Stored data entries

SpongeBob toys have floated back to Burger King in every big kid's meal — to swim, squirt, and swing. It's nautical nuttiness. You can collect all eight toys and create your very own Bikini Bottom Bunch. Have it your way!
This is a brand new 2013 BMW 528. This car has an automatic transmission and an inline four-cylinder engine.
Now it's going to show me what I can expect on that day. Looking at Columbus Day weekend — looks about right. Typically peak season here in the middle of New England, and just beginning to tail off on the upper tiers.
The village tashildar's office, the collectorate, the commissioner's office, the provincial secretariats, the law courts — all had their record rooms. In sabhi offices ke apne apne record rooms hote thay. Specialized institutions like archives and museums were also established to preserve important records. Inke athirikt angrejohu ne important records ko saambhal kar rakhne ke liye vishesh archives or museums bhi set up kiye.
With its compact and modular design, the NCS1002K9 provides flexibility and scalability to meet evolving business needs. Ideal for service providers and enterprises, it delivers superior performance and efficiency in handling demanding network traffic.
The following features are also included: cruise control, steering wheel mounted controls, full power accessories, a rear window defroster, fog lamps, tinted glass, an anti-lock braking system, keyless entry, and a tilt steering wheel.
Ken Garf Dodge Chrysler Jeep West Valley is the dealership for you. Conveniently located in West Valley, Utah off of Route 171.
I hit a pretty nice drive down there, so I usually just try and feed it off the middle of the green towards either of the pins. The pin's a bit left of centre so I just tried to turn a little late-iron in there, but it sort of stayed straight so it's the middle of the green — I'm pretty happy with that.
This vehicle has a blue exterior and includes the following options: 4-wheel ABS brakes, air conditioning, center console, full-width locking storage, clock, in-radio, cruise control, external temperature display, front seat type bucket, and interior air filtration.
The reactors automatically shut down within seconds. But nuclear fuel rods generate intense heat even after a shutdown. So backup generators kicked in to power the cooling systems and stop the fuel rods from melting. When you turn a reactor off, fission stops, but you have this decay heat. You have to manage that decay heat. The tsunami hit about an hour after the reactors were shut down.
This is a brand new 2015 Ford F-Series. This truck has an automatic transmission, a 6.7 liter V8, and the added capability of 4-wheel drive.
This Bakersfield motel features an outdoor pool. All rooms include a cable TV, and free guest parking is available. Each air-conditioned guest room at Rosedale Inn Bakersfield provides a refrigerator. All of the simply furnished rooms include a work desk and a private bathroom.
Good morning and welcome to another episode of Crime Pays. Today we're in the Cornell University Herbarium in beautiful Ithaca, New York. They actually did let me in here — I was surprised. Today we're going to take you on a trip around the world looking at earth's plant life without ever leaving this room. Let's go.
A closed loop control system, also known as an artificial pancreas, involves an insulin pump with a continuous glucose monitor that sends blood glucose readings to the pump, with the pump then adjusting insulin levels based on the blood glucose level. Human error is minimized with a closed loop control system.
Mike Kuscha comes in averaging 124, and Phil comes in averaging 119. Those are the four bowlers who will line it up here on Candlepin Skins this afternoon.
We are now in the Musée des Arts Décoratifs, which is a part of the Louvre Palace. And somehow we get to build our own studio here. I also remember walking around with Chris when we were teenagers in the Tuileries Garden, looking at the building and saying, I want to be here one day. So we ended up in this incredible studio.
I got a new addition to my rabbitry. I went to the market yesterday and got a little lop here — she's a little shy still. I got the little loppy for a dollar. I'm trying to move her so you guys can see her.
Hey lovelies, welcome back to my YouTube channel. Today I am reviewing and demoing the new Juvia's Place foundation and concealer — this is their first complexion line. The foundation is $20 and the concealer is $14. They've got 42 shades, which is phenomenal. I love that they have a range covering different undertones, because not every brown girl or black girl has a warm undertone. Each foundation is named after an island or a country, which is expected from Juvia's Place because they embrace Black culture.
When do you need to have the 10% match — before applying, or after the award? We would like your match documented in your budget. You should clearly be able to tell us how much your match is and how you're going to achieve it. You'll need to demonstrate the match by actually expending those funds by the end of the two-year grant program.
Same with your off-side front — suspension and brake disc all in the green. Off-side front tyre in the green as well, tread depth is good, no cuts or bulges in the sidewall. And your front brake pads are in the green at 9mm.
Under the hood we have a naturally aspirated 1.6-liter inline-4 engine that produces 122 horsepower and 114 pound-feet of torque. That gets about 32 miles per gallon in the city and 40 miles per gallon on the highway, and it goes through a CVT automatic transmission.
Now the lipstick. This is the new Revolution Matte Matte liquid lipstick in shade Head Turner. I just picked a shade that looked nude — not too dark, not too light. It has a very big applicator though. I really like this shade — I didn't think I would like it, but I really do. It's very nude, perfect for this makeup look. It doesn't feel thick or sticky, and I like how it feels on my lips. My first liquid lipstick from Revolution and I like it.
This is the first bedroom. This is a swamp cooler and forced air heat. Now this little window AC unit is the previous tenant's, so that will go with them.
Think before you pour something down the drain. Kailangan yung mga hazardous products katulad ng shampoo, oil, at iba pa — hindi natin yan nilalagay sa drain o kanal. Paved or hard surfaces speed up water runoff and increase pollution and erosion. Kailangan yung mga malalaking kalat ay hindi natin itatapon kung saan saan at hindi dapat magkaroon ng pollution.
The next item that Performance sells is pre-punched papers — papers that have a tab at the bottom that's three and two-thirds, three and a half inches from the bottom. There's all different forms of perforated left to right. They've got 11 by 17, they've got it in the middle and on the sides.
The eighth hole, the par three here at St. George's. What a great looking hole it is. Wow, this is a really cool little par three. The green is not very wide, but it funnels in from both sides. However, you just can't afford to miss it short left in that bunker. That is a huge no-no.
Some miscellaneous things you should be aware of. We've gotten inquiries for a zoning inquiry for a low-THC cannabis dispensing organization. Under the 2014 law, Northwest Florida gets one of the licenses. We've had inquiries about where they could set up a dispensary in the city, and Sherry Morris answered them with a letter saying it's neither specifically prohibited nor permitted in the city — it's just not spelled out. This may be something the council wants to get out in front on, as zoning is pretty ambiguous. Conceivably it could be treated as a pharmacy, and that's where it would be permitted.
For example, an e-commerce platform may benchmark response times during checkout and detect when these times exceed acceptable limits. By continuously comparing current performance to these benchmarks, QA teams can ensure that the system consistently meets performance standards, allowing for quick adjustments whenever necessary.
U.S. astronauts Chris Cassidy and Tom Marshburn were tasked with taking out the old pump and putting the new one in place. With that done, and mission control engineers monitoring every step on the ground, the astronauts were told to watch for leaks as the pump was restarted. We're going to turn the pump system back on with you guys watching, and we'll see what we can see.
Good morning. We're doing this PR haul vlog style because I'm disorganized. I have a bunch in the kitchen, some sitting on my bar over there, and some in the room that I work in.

▶ Problem requirements
Pull every line containing "something" out of the records.

▶ Answer for the task
Think before you pour something down the drain. Kailangan yung mga hazardous products katulad ng shampoo, oil, at iba pa — hindi natin yan nilalagay sa drain o kanal. Paved or hard surfaces speed up water runoff and increase pollution and erosion. Kailangan yung mga malalaking kalat ay hindi natin itatapon kung saan saan at hindi dapat magkaroon ng pollution.
Some miscellaneous things you should be aware of. We've gotten inquiries for a zoning inquiry for a low-THC cannabis dispensing organization. Under the 2014 law, Northwest Florida gets one of the licenses. We've had inquiries about where they could set up a dispensary in the city, and Sherry Morris answered them with a letter saying it's neither specifically prohibited nor permitted in the city — it's just not spelled out. This may be something the council wants to get out in front on, as zoning is pretty ambiguous. Conceivably it could be treated as a pharmacy, and that's where it would be permitted.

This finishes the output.